*Dataset records*
--------
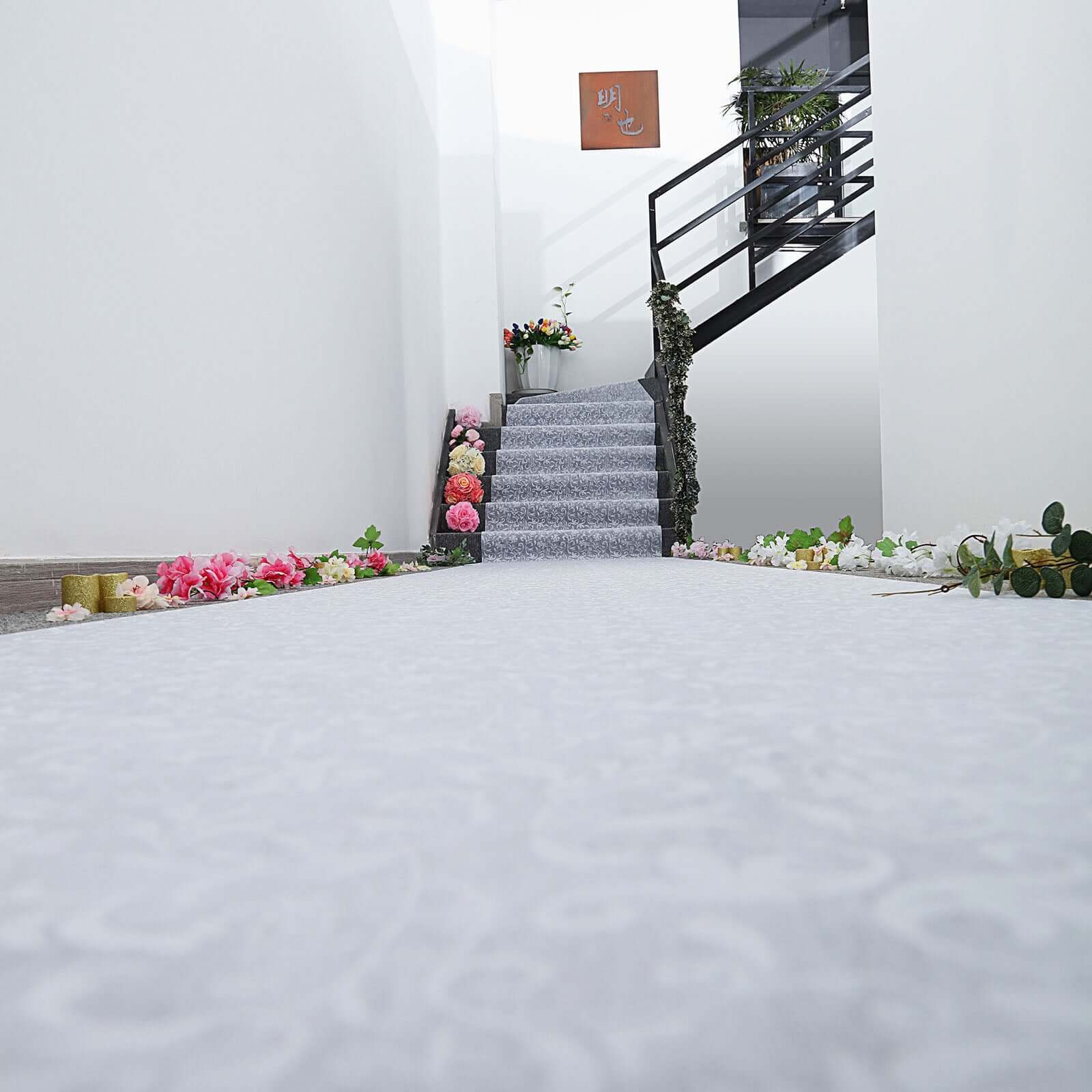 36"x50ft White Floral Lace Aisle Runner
--------
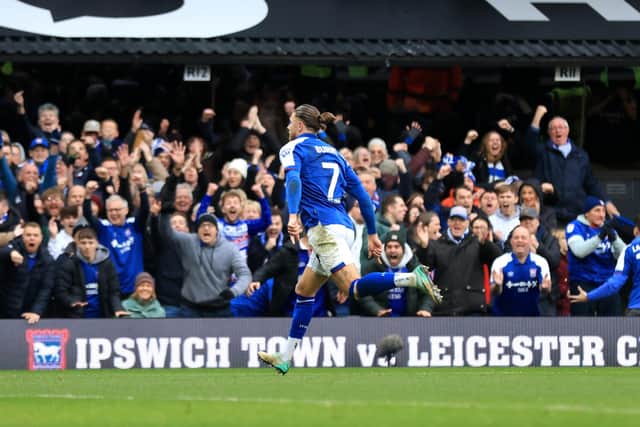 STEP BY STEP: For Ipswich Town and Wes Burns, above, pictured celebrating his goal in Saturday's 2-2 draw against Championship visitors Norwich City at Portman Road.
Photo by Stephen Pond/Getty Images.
--------
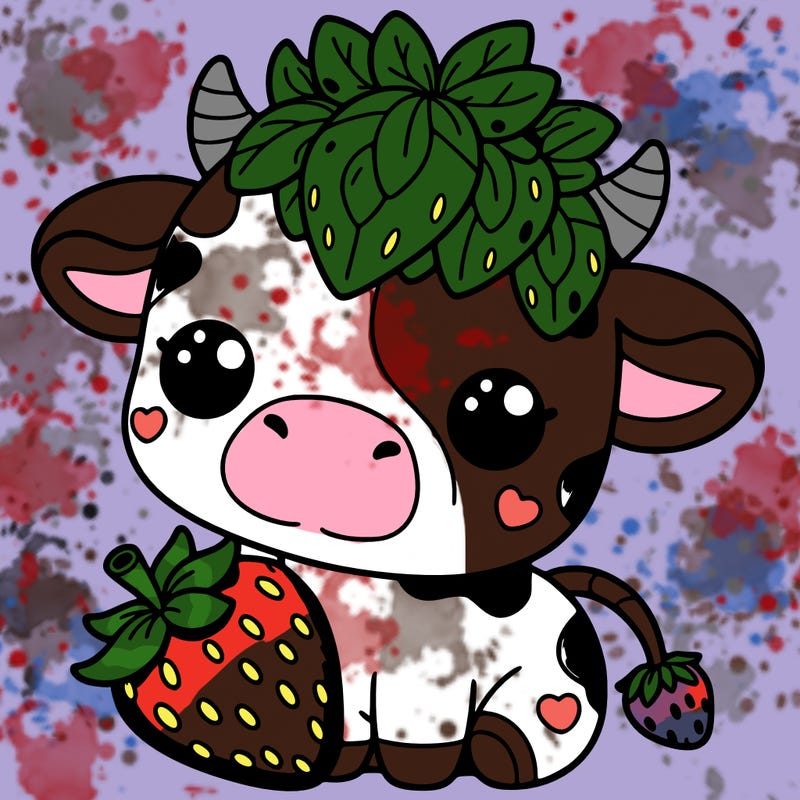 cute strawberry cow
--------
*Work item*
Copy word for word only the lines above from the one with "STEP BY STEP: For" through the one with "Photo by Stephen Pond/Getty Images.". Leave pictures out.

*Answer space*
 STEP BY STEP: For Ipswich Town and Wes Burns, above, pictured celebrating his goal in Saturday's 2-2 draw against Championship visitors Norwich City at Portman Road.
Photo by Stephen Pond/Getty Images.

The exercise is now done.